What will happen with the gold price in 2015? While gold is widely used to diversify portfolios and provide a hedge against inflationary forces, the burning question for medium-term investment is always, "Which way is the market going?"

This is undoubtedly a tricky question, one that constantly occupies the minds of many well-paid analysts and money managers. The problem with predicting what the gold market will look like is deciding what factors are most important. Rather than provide a single answer about how we think the gold market will perform in 2015, we've done something even better: we reached out to a wide array of personal finance experts and posed the question to them! We have compiled all of their answers to give you a broad overview of what the different opinions and expectations are for gold this year.

Instead of relying on one person's view wholesale, we've provided a sampling of expert opinions from across the industry to create a more complete picture of market sentiment for gold in 2015. Our respondents gave a variety of different outlooks for the gold market, from bearish responses to bullish responses, and everything in between. In addition to making predictions about what the gold market will look like throughout this year, our expert respondents have also offered their own reasoning as to why they believe this to be the case. Briefly, in descending order, here are their most frequently cited factors affecting gold this year.

==Top 10 Factors Affecting Gold in 2015:==
  1. Real interest rates, specifically the Fed raising its key rate
  2. Generally bearish on paper money and central banks
  3. Inflationary (or deflationary) pressures
  4. Geopolitical strife and global economic instability
  5. Strength or weakness of the U.S. dollar
  6. Growth in the developing world and emerging markets
  7. Monetary easing (i.e. currency devaluation) in Europe and Japan
  8. Strong demand from China and India
  9. Performance of the equities market
  10. A boost in mining output from falling energy costs

These insights may help you formulate your own personal financial strategies; keep in mind, however, that our participants' answers are provided for general informational purposes only, and do not constitute professional investing advice.
Check out all of the different responses to our Expert Round-Up below!
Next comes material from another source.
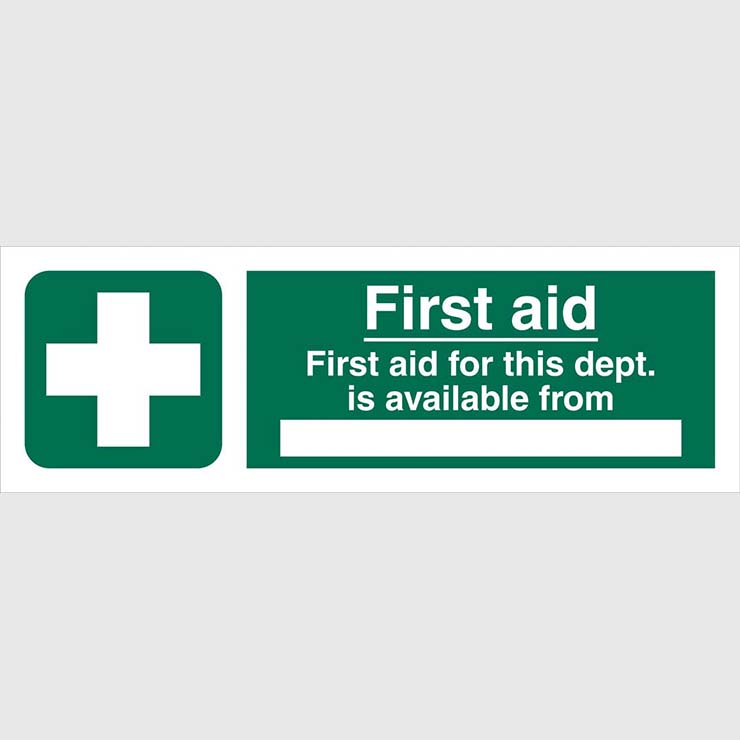 First Aid For This Department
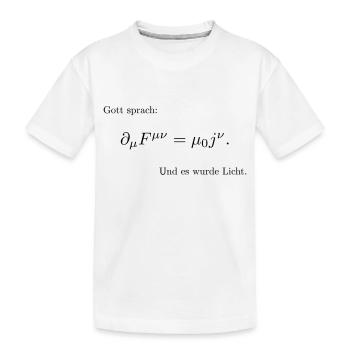 Création par Maxwell - T-shirt bio Premium Enfant - blanc - Devant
"Will Gold Be In a Bear Or Bull Market in 2015?"
Jason Burack
Jason Burack - Co-Founder of Wall St for Main St, LLC
[[http://www.wallstformainst.com/|www.wallstformainst.com]]
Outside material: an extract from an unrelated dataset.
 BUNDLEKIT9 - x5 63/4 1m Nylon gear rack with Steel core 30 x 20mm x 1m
Rather than 3 factors, I would rather just focus on how the majority of Wall St investment banks research is lazy (or more morally questionable than lazy) and only quotes the World Gold Council, CPM Group's numbers etc and doesn't fact check any of their figures with say Koos Jansen's research over at Bullion Star. Koos accurately tracks Shanghai Gold Exchange withdrawals and how tight the physical gold and physical silver markets are in terms of supply and why the paper price could not have gone much lower than it did in 2014. The last I heard from my contacts, Swiss refiners are still running 24/7/365 to recast older gold bars into new 1kg bars.
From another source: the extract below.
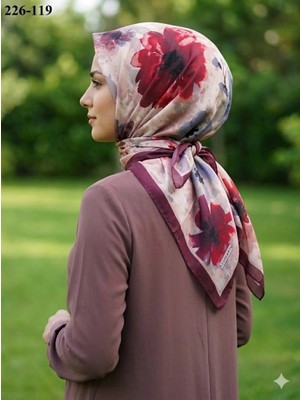 Velscarfs Soft Pamuk Parla Eşarp (Bordo) 226-119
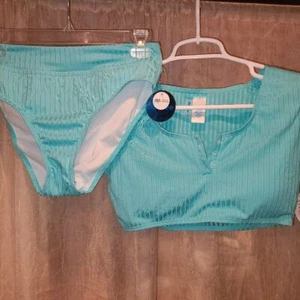 Super cute 2 piece aqua swim suit bikini BRAND NEW Originally $72 Ocean - Picture 1 of 3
If metals prices had went lower or stayed around 2014 lows for months, many primary gold and primary silver miners were close to shutting down their mines and putting them on care and maintenance. The miners had burned through most of their cash on their balance sheets and large amounts of debt and equity were at punitive levels and simply not available in large enough quantities for many miners to keep their mines open and running at enormous losses.

In other words, there was about to be a potential supply shock or growing shortages for 8 figure or larger orders of gold and silver had the mines started to shut down. Primary silver miners make up ~25% of the global annual physical silver supply and only a handful of tiny primary silver miners in the entire world who produced less than 8 million oz of silver a year combined were making a profit mining silver at $16/oz. That's a lot of primary silver miners deeply in the red and running their mines at huge losses so that's simply not sustainable over the long term because unlike say the solar industry or corn ethanol which is 100% subsidized by the government and can run at enormous losses, miners eventually have to make a profit.

In my humble opinion, nearly all or all of the physical gold and physical silver miners pull out of the ground each year is basically already spoken for. That's how tight supply has been for the last few years yet the paper price was in a large cyclical bear market since 2011 and has not reflected the reality of supply and demand fundamentals. The market cannot ignore reality forever and with demand for physical gold and physical silver still extremely strong in Russia, Middle East, China, India, Asia, etc. Russia is putting almost 100% of their monthly trade surplus money into physical gold preparing for the next global financial system.

So the paper price going down and down every year was simply not sustainable given the real demand figures (again not the ones Wall St investment banks and the World Gold Council put out in research reports) we were seeing for physical metal coming out of the countries that are driving demand. The Western, US investor who tends to be educated in Keynesian Economics and brainwashed out of their common sense if they went to business school or watches CNBC or Bloomberg doesn't buy value and instead chases momentum as a trend trader has also ignored gold and silver since 2011.

Those US investor types have not been buying any metal since 2011 and probably also dumped their metal and/or have been shorting the paper price for gold, silver and miners. Sentiment levels became absurdly negative in 2014 as I believe they registered a zero (an all time low) from SentimentTrader.com. I am fairly confident gold and silver have put in their cyclical bear market bottom similar to the long and painful cyclical bear market bottom gold and silver experienced in 1974-1976 before resuming the secular bull market.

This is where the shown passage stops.